Dalam periode Juli hingga November 2025, kolaborasi lintas sektor yang melibatkan BUMD, ASN, lembaga pemerintah, hotel, restoran, perusahaan swasta, dan masyarakat umum telah sukses menanam lebih dari 100 ribu pohon.
Momen dari inisiatif ini terjadi saat Hari Pohon Sedunia, yang mana dilakukan penanaman masif lebih dari 25 ribu pohon secara serentak di sepanjang DAS Ciliwung dan DAS Cileungsi.
Jenis pohon yang ditanam sangat bervariasi mencakup pohon tegakan (seperti beringin, mahoni, dan trembesi) dan juga pohon penghasil buah (seperti alpukat dan mangga).
Baca Juga: Bupati Bogor Minta Kegiatan Car Free Day Digelar Disetiap Kecamatan, Jadi Ruang Baru Pelaku UMKM
Bupati Bogor Rudy Susmanto menegaskan bahwa gerakan penghijauan memegang peranan sebagai prioritas tertinggi dalam rencana pembangunan berkelanjutan di daerah tersebut.

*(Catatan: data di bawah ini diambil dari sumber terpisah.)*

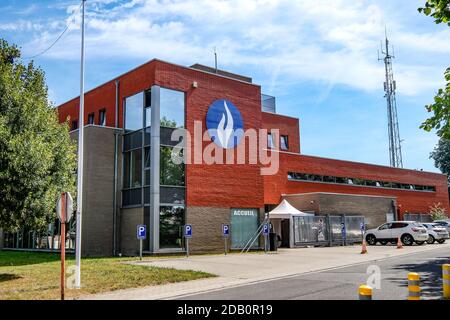 Abbildung Bild zeigt die Polizeistation in Fleron, Donnerstag, 06. August 2020. BELGA FOTO BRUNO FAHY Stockfoto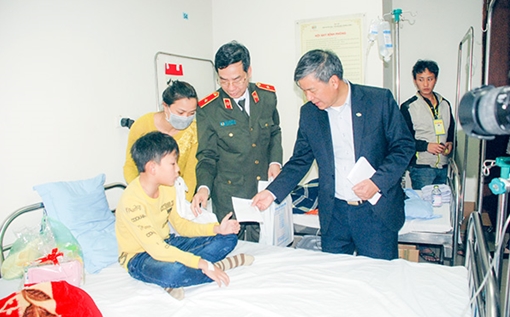 Mang Xuân yêu thương đến với những mảnh đời bất hạnh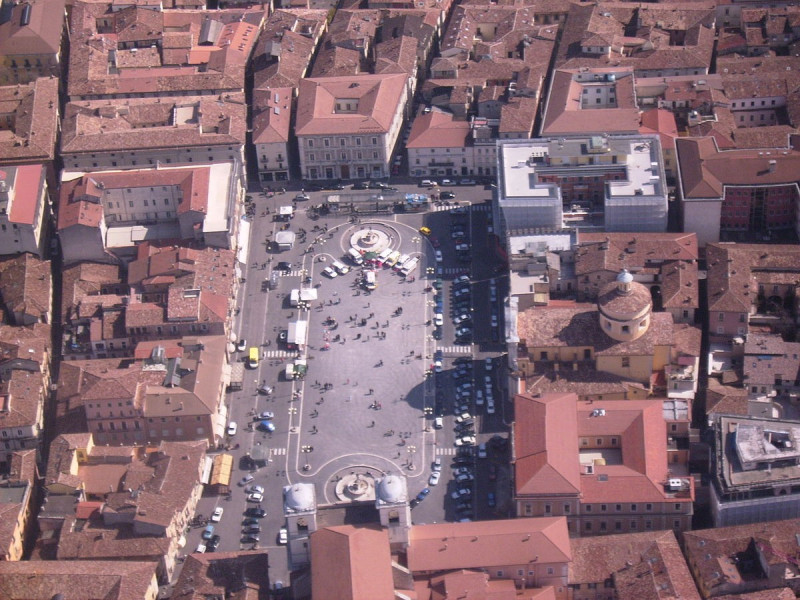 Immagine descrittiva - BY Di LIAP - Opera propria, Pubblico dominio, https://commons.wikimedia.org/w/index.php?curid=5576419 Immagine descrittiva - BY Di LIAP - Opera propria, Pubblico dominio, https://commons.wikimedia.org/w/index.php?curid=5576419
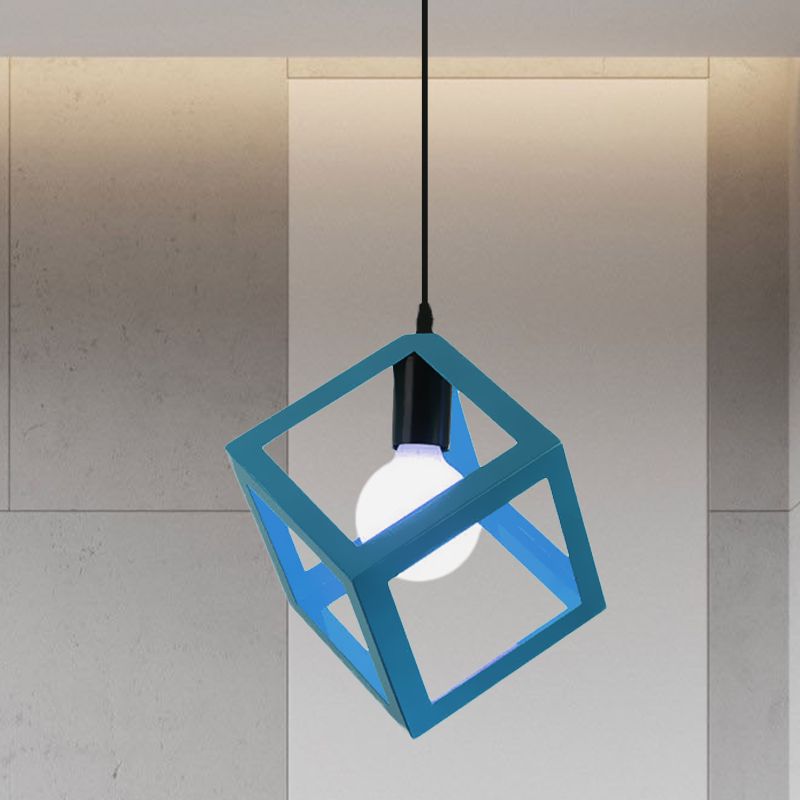 1 lampe à suspension légère avec une nuance à cage cubique Metal Loft Style Dining Pendant Light en rouge / bleu / vert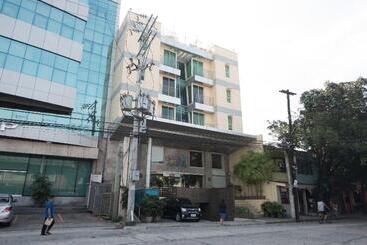 Festive Hotel Makati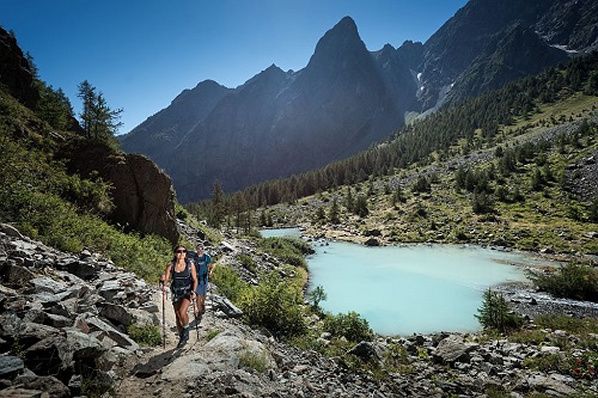 Tour du Combeynot est un itinéraire accès facile vallées Romanche Guisane d Hautes-Alpes et col d'Arsine Lautaret, sommets des Ecrins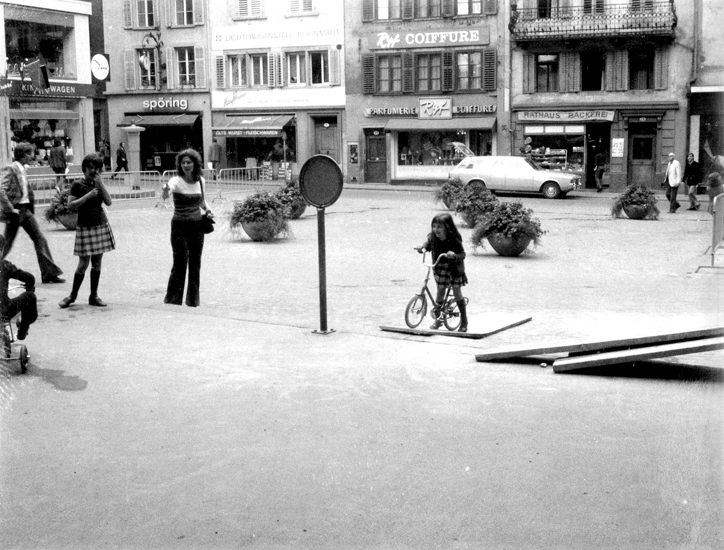 Auf dem Kornmarkt wurde bereits im Frühling 1972 ein Parkverbot eingeführt. Um diesem Geltung zu verschaffen, versperrte die Stadtpolizei den Platz mit Metallgittern.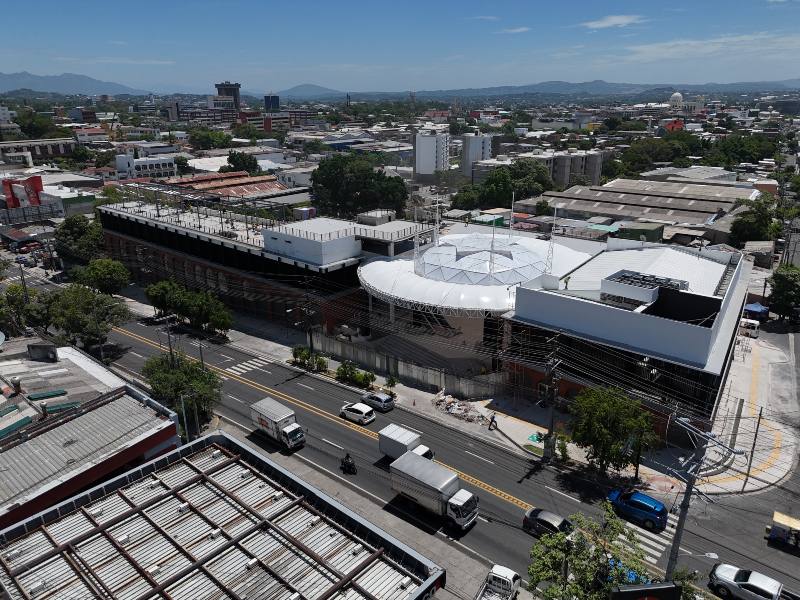 mercado-cuscatlan-dron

Rudy melihat penanaman pohon sebagai investasi krusial jangka panjang bagi keamanan dan keberlanjutan masa depan Kabupaten Bogor.
“Penghijauan bukan kegiatan simbolis, tetapi langkah memperbaiki kualitas lingkungan, memperkuat daerah tangkapan air, dan mengurangi risiko bencana. Saya mengapresiasi semua pihak yang bergerak bersama,” ujar Bupati Bogor.
Rudy Susmanto memberikan jaminan bahwa program rehabilitasi DAS tidak hanya akan diperluas cakupannya, tetapi juga akan ditetapkan sebagai kegiatan rutin oleh Pemerintah Kabupaten Bogor.
Menurutnya, upaya pemulihan kawasan hulu hanya efektif dilakukan melalui sinergi dan kolaborasi antara semua sektor.
Gerakan penghijauan ini merupakan langkah konkret Pemkab Bogor untuk memulihkan ekosistem DAS yang vital, sekaligus sebagai strategi mitigasi terhadap risiko bencana hidrometeorologi.